● RECORDED INFORMATION
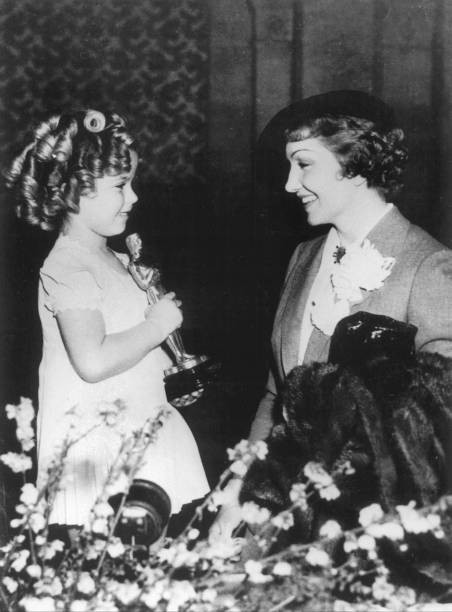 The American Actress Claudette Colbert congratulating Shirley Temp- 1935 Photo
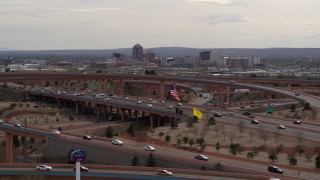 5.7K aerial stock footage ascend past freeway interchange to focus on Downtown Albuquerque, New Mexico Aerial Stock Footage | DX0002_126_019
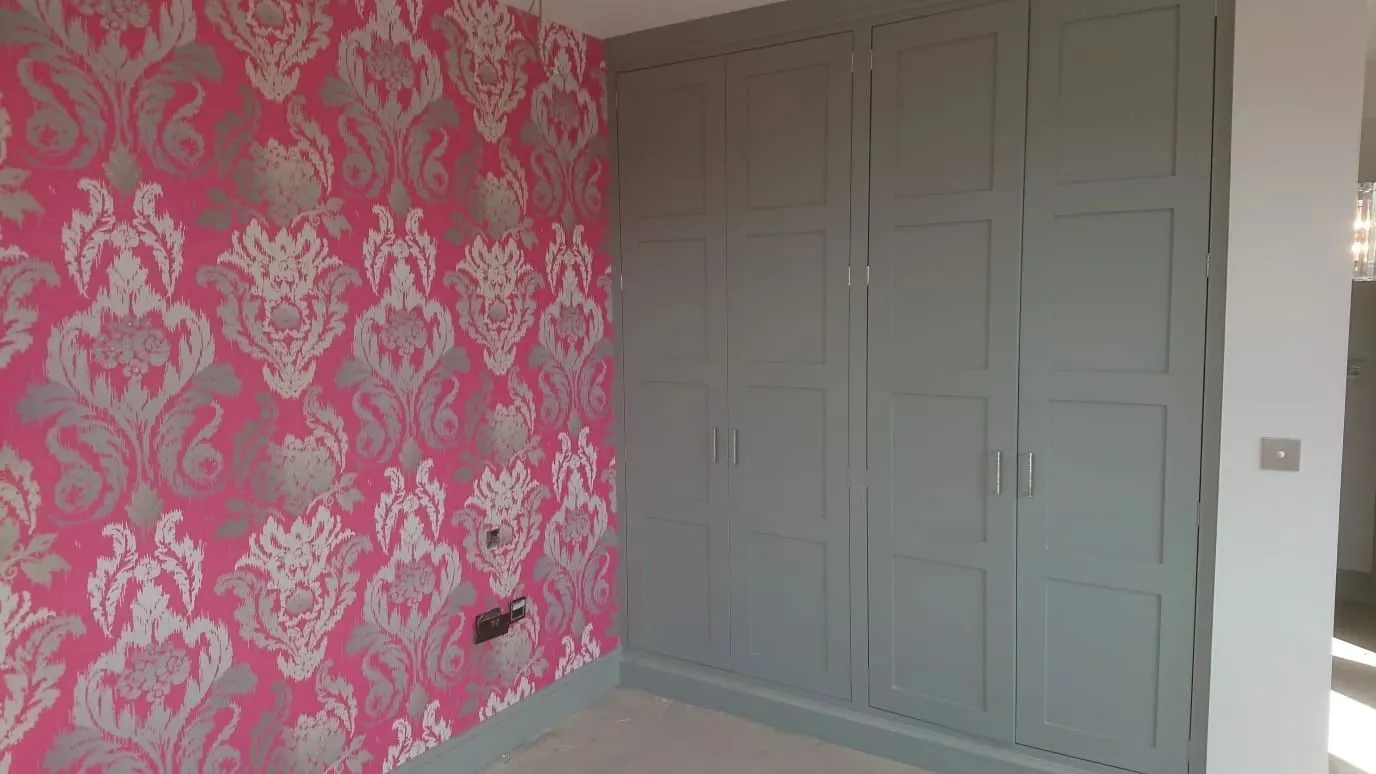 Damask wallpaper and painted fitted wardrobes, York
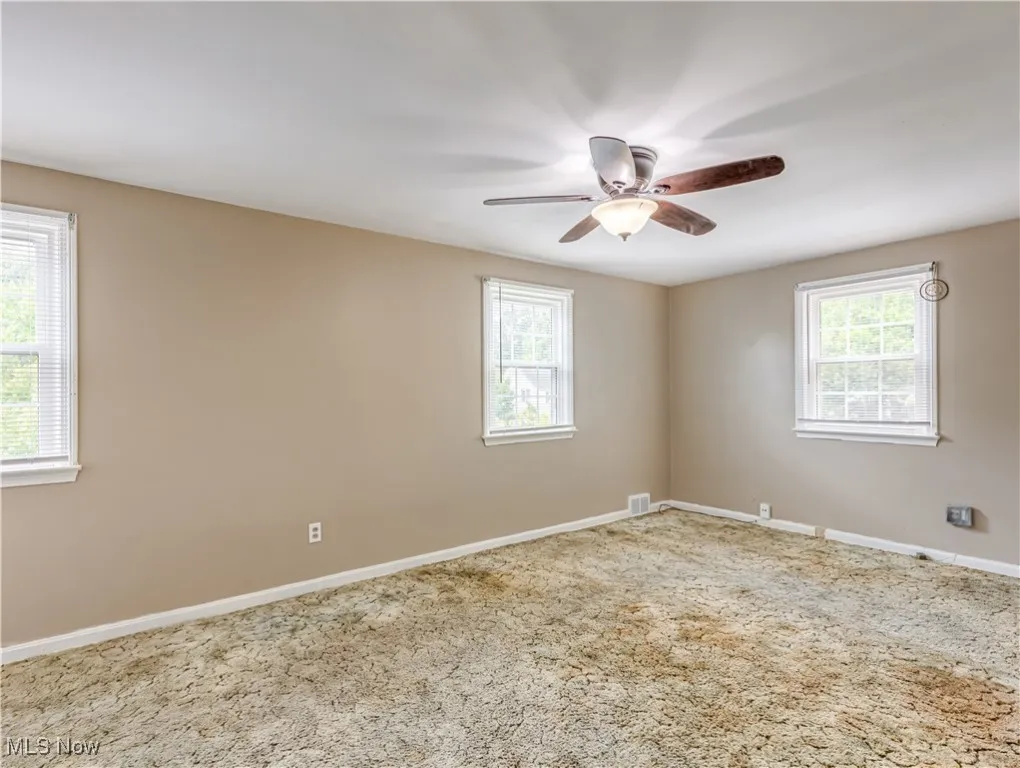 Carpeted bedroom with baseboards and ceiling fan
--
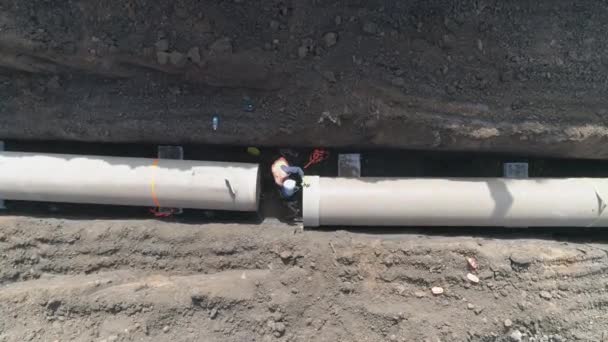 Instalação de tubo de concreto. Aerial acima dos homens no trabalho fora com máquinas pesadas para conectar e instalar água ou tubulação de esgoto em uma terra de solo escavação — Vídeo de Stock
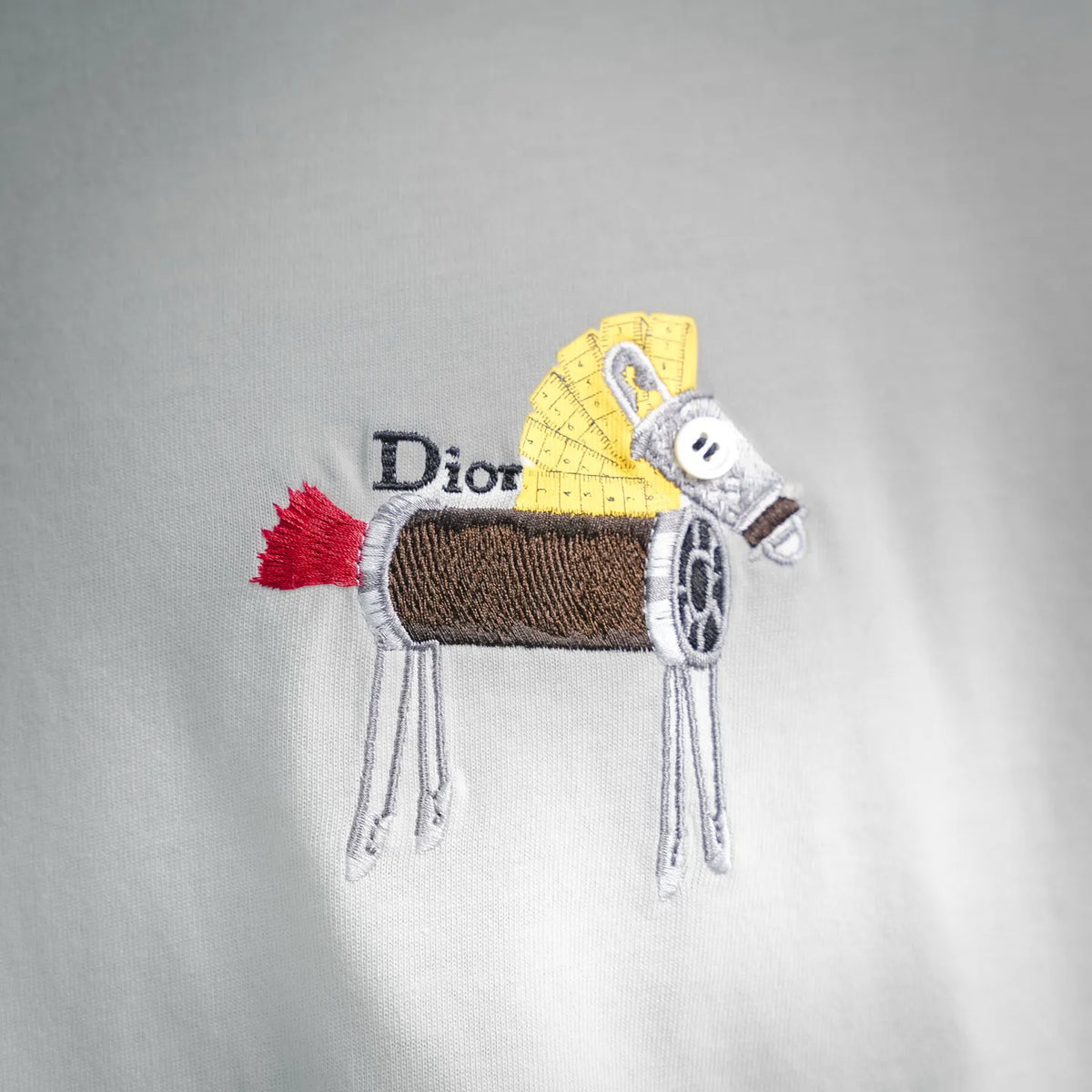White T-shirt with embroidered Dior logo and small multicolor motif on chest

● WORK TASK
Copy word for word the lines above, starting at the line containing "The American Actress" and ending at the line containing "Carpeted bedroom with", inclusive, with no pictures.

● RESPONSE TO THE TASK
 The American Actress Claudette Colbert congratulating Shirley Temp- 1935 Photo
 5.7K aerial stock footage ascend past freeway interchange to focus on Downtown Albuquerque, New Mexico Aerial Stock Footage | DX0002_126_019
 Damask wallpaper and painted fitted wardrobes, York
 Carpeted bedroom with baseboards and ceiling fan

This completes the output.